Course Description

Whether we are using AI to diagnose lung cancer or machine learning to predict hospitalization risk, algorithms are transforming medicine and health care. Most of these are based on routinely collected health care data. But too often algorithms are deployed without a full understanding of what we are trying to predict and where the data are coming from. Through a combination of lectures, case studies, and interviews with leaders from across the health care ecosystem, we will discuss how to turn routine health care data into an algorithm, how to evaluate the validity of AI products, and how to understand liability and policy implications around algorithms in health care.
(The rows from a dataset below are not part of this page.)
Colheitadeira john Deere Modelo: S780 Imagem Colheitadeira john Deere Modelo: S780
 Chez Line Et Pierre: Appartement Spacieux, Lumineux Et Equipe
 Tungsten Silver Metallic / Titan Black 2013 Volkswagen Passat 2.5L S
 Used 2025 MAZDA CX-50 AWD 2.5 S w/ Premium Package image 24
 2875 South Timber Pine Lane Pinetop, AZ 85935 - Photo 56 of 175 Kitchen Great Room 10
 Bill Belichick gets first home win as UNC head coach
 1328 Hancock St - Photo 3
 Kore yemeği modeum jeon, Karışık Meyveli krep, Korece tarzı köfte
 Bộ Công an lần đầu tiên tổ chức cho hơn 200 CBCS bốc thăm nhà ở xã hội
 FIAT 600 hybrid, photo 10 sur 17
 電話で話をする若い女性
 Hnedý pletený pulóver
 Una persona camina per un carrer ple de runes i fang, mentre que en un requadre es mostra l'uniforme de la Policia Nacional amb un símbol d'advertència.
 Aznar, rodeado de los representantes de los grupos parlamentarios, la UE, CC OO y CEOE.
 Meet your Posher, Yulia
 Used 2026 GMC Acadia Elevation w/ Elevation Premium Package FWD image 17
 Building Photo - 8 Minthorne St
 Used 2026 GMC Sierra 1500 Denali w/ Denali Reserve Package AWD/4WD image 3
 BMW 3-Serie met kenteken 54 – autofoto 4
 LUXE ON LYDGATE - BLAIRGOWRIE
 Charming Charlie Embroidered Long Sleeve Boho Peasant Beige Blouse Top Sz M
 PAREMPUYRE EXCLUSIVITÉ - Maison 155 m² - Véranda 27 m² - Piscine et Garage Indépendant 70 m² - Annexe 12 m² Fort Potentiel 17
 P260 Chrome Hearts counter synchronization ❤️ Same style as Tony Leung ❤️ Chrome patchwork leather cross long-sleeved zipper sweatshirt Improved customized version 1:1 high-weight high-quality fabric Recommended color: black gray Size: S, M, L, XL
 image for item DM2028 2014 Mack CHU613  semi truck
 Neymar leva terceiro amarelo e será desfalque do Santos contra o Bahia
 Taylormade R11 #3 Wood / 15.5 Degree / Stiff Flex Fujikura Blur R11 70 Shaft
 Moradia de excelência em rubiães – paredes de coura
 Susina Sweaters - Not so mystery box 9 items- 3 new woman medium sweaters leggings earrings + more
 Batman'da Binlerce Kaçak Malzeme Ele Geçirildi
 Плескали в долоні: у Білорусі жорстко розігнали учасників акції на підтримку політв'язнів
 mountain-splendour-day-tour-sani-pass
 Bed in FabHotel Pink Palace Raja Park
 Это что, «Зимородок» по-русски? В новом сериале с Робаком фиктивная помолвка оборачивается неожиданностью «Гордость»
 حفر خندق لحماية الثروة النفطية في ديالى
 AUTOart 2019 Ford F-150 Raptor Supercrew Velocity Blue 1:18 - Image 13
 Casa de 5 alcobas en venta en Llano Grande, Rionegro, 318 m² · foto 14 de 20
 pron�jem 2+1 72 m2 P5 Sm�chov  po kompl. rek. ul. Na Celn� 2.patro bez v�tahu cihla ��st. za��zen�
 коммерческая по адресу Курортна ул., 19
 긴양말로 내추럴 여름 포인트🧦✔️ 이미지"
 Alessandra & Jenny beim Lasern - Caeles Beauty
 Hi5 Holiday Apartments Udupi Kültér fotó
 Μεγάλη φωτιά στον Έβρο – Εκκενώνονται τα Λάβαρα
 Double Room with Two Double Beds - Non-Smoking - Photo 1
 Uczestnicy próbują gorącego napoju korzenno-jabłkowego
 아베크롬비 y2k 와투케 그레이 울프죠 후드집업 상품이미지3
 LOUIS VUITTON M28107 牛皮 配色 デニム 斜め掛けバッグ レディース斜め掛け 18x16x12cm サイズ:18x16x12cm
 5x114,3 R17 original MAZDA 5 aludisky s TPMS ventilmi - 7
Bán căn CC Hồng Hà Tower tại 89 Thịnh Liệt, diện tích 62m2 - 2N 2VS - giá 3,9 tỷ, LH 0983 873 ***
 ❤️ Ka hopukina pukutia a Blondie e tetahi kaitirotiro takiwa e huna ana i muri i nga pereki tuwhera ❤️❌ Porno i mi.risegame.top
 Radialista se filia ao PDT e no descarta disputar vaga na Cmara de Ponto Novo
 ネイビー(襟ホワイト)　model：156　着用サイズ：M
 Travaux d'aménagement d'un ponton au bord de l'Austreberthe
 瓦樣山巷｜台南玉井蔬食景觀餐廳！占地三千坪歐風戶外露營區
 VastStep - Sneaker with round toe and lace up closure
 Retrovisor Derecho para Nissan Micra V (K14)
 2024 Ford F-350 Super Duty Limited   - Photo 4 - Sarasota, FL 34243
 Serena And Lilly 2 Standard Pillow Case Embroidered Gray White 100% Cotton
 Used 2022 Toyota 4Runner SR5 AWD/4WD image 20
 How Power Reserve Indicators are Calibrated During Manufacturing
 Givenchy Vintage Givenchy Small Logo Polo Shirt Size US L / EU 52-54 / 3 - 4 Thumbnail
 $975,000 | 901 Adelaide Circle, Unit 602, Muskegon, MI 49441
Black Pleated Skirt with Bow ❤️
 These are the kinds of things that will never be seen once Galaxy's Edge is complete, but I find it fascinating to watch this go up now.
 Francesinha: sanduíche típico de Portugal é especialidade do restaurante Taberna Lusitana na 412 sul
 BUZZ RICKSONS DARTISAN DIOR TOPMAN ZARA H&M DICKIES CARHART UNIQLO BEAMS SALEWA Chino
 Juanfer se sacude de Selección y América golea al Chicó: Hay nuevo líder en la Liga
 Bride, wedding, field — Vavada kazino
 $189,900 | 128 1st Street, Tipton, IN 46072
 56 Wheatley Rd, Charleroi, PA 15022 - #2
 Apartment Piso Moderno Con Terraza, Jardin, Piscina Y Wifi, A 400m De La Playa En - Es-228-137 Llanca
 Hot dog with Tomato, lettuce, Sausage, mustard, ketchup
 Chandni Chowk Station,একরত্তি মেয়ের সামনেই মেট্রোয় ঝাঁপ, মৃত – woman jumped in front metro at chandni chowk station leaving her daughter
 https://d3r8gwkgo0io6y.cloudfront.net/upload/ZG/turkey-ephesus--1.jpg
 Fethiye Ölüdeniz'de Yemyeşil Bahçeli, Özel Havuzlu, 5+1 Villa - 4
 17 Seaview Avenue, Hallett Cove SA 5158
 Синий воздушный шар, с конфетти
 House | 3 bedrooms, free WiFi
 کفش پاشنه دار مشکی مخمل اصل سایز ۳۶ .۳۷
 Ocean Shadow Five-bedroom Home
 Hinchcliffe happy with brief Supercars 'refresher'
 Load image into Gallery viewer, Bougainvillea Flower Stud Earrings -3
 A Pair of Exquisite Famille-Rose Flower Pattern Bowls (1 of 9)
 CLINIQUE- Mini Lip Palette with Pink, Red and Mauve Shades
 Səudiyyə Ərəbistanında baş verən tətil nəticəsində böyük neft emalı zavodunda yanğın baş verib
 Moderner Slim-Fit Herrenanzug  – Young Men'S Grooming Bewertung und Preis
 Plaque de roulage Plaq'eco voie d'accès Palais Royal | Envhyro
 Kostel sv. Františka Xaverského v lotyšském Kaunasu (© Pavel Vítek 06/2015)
This course will help you gain a fuller understanding of how to use data to transform care delivery and work with technical experts to design algorithms to fit your needs.

Course Topics
  • Big data
  • Machine learning
  • Predictive modeling
  • Human-algorithm collaboration
  • Bias in predictive analytics
  • Regulation, liability, and reimbursement of artificial intelligence

 

Introductory video to Using Data for Transformation

Learning Objectives

After completing this course, you will be able to:

  • Identify important sources of health care data and their limitations. 
  • Determine what types of challenges can be solved through the application of different types of algorithms, including those designed for prediction, diagnosis, estimation, and causal inference. 
  • Explain how to train and validate a predictive model.
  • Explain how to evaluate and mitigate bias in algorithms. 
  • Evaluate the legal and ethical implications of using artificial intelligence in health care settings. 
  • Design strategies to apply predictive models to maximize impact in health and health care.